Information supplied |
-.-.-
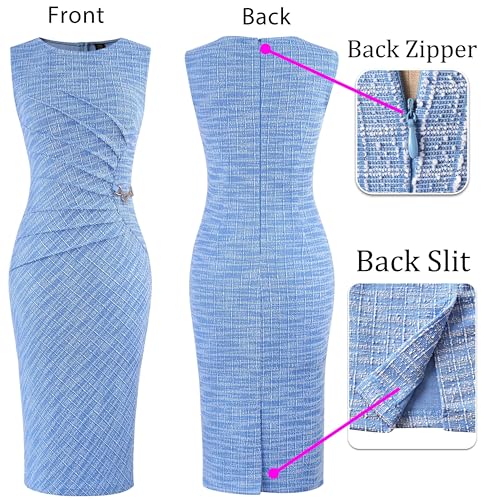 Image of VFSHOW Womens Work Office Business Casual Sleeveless Ruched Elegant Professional Church Cocktail Party Pencil Sheath Dress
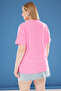 Pembe Önü Fırfırlı Kalp Detaylı Relaxed Fit Büyük Beden T-shirt TBBSS25BF00022 - 5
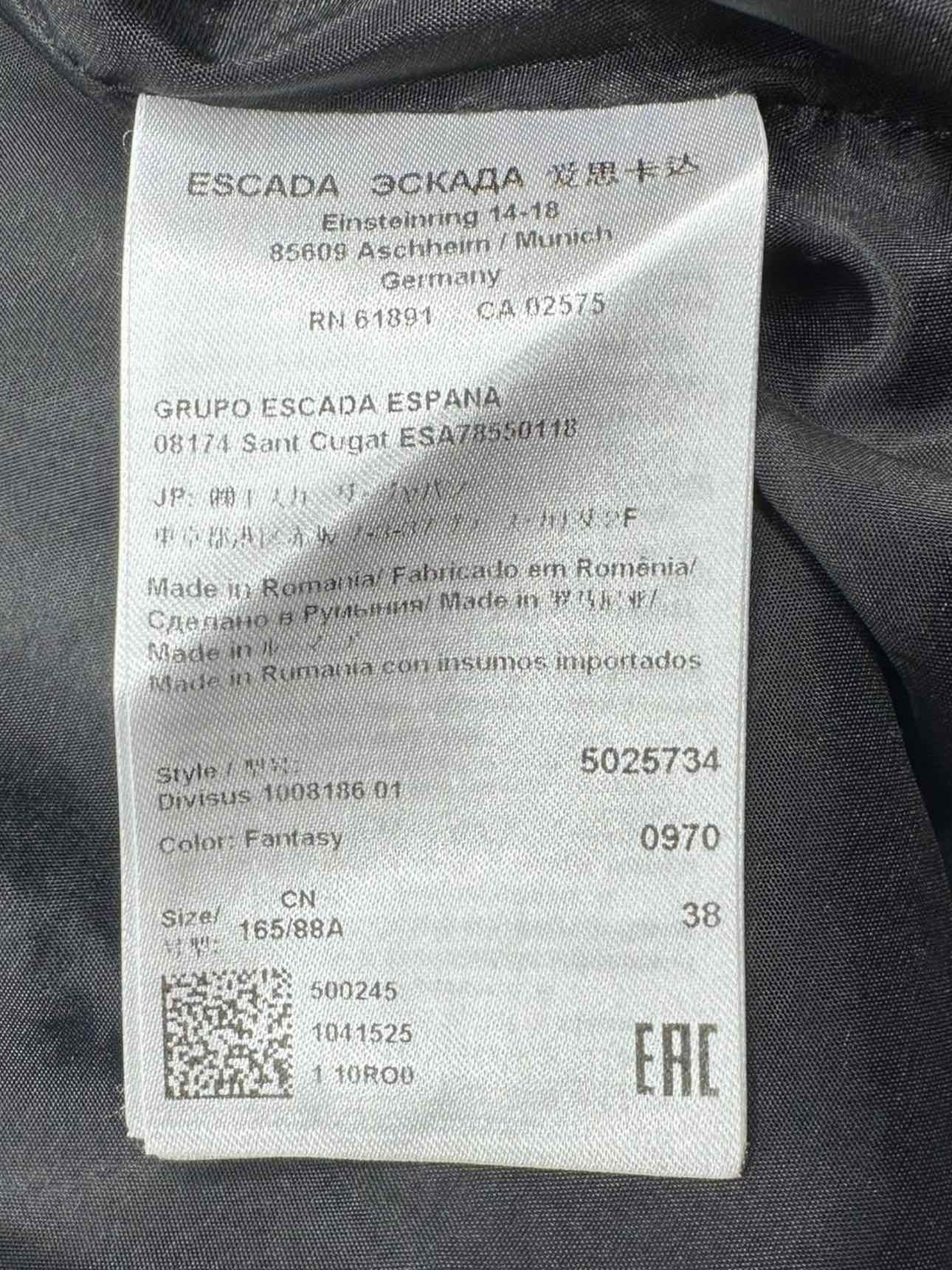 ESCADA Black Abstract Fantasy Plaid Midi Dress Size 38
-.-.-
Aim of the exercise | Every line of the listing is to be repeated exactly, and the pictures are to be dropped.

Completed task |
 Image of VFSHOW Womens Work Office Business Casual Sleeveless Ruched Elegant Professional Church Cocktail Party Pencil Sheath Dress
 Pembe Önü Fırfırlı Kalp Detaylı Relaxed Fit Büyük Beden T-shirt TBBSS25BF00022 - 5
 ESCADA Black Abstract Fantasy Plaid Midi Dress Size 38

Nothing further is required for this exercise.